(ASSIGNMENT) This exercise calls for the line with "54W Computer Desk", the line with "Baden - Emblem", and all lines between them in the material below, output exactly and with no other lines.

(RECORDS SHOWN)
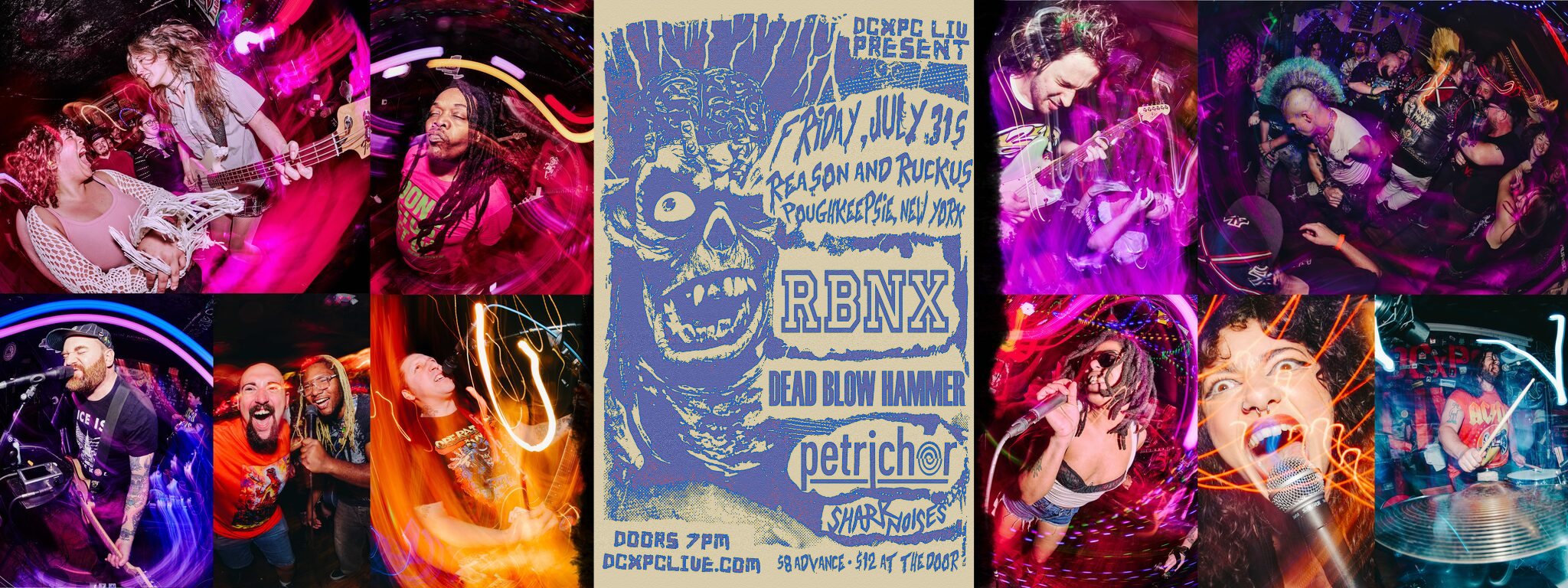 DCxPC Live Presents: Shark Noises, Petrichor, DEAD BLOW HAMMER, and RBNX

* * *

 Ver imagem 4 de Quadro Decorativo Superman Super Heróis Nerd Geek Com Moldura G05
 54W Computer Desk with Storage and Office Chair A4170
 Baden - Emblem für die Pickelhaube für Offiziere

(EXPECTED OUTPUT)
 54W Computer Desk with Storage and Office Chair A4170
 Baden - Emblem für die Pickelhaube für Offiziere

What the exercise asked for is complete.